Alternatives to capitalism

Recent research shows that Millennials are really over capitalism. Just because the capitalist model of extraction and unequal growth isn’t jiving with the needs of the generation taking over the economy doesn’t mean that we shouldn’t engage in a free market that inspires all kinds of opportunities to do business. We need new platforms and new models for creating wealth and welfare. Co-operatives offer a business model that fosters social cohesion and is more resilient to disruption. And there are several kinds of business models that emphasize value, impact and community welfare over revenue. For example, Lynda.com (now LinkedIn Learning), Udemy and Acumen are changing how we learn and Maximum Fun blends podcasting with in-person community building.

Cultivate neo-generalism

As we strive to humanize the economy with alternative business models there is also an opportunity to prepare for the future of work by deepening our human skills, as opposed to doubling-down on technical abilities. In order to inoculate ourselves against disruption we need to unlearn specialization and learn generalism because things are changing so quickly that, in order to be lifelong-relevant, we need to have mindsets and skillsets that allow us to add value by adapting to community needs as they arise. According to authors of The Neo-Generalist, Kenneth Mikkelsen and Richard Martin, being a neo-generalist simply means that:

“We all carry with us the potential to specialize and generalize. Many of us are unwittingly eclectic, innately curious. There is a continuum between the extremes of specialism and generalism, a spectrum of possibilities. Where we stand on that continuum at a given point in time is governed by context.”

Lifelong learning is a guiding principle of co-operatives and my experience in Emilia-Romagna inspiring ideas for how we might develop shared talent pools that rival the gig economy and serve communities, not just shareholders.

Build family culture

Last week we visited Arbizzi, a packaging and logistics worker co-operative that mostly serves the agribusiness community. A few years ago the company’s founder, Mr. Arbizzi, decided to retire and, instead of selling the company to investors, he worked with co-operative partners to sell the company to the employees and transform the organization into a worker co-operative. What I noticed from the visit was the unique, family-style culture of Arbizzi, which many of the employees told me had always been there. So, did this make them more prepared for a Worker Buyout? Or did the transformation into a worker-owned co-operative reveal these characteristics and behaviours among the employees?

Always think entrepreneurially

In my opinion, building entrepreneurial skillsets is difficult because being entrepreneurial requires a mindset that’s difficult to teach. To adults, anyway.
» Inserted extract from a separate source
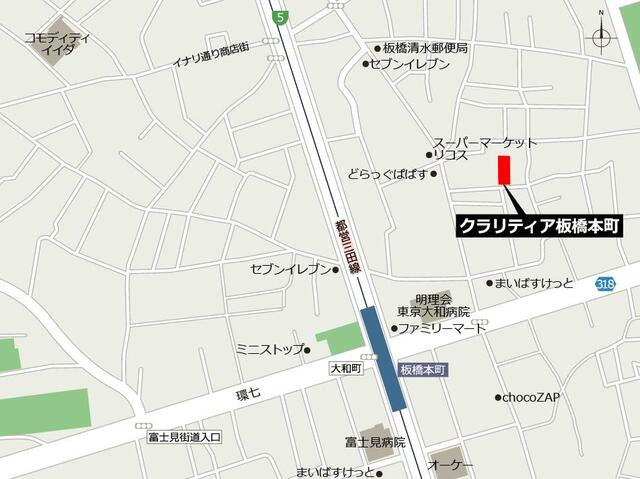 クラリティア板橋本町の地図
During his lectures to our cohort, Stefano Zamagni, one of the leaders of the co-operative movement, has shared the importance of entrepreneurialism as a catalyst for enhancing freedom, thinking and reciprocity in the world of work. According to Mashable’s Nellie Akalp, cultivating entrepreneurially-savvy in kids will help businesses of the future (and even today):

“Children are amazing, creative and passionate creatures. And that’s exactly who we need to take over the next generation of entrepreneurship. Encourage them to share their wildest ideas with you, and most importantly, take those ideas seriously.”
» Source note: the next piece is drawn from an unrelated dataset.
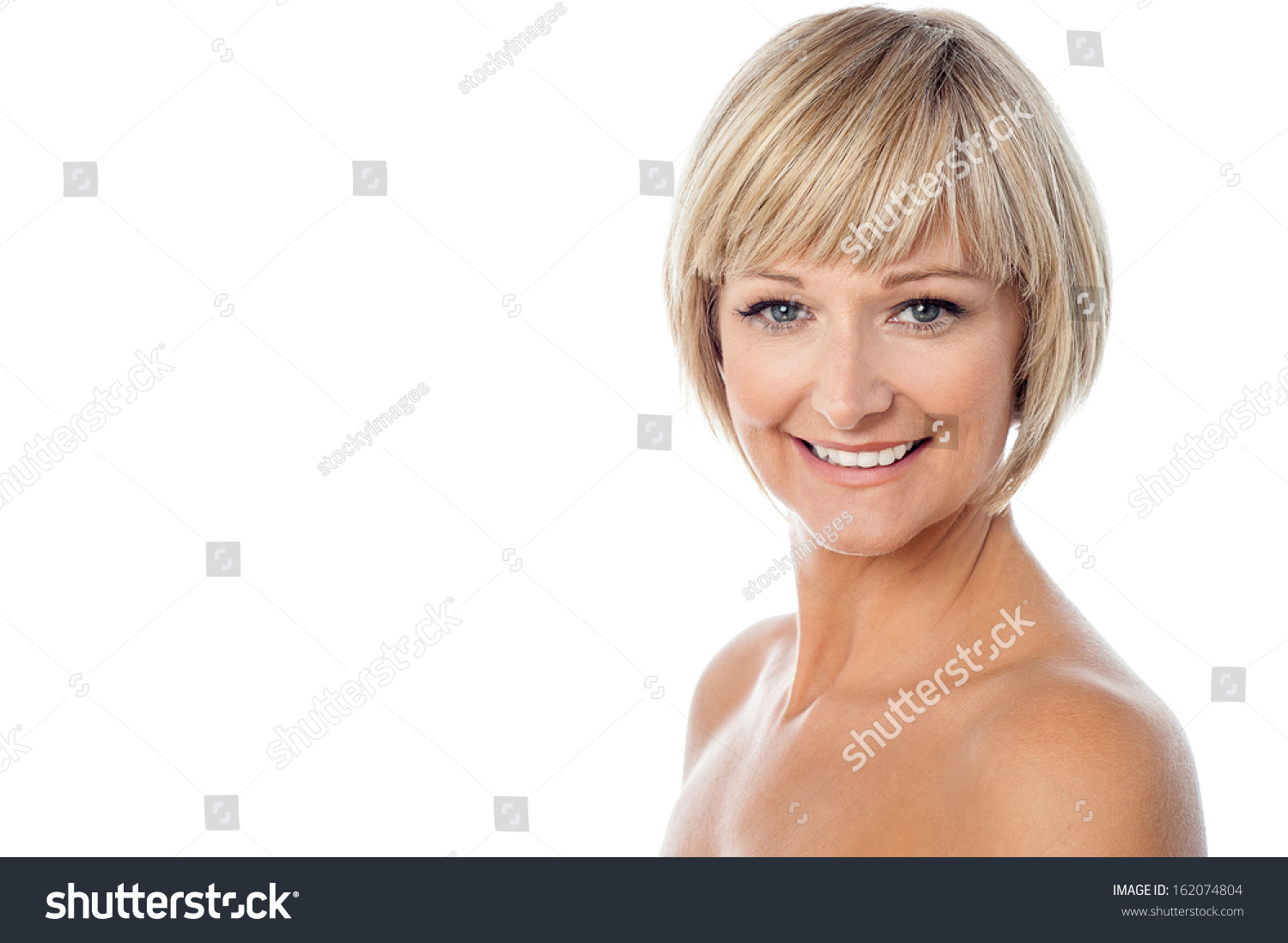 Isolated Sensual Woman With Bare Body Stock Photo 162074804 Shutterstock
Communities drive innovation when more people share their passions, think for themselves and express creativity.

Embrace the commons

In the commons, we receive what we need and give in proportion of our capabilities. So, people with more wealth should pay a bit more and people with less should still have access to all the things they need. Learning about the commons was probably the most fascinating and inspiring part of the lectures from the professors from the University of Bologna’s Economics Department. I see the private sector as too greedy, too extracting and the public sector doesn’t hold people accountable enough. By embracing the commons we can retain the competitiveness of the free market with the dignity that people deserve. Co-operatives are uniquely designed to thrive in the commons and, as a complement to capitalist companies, they will help to humanize the economy.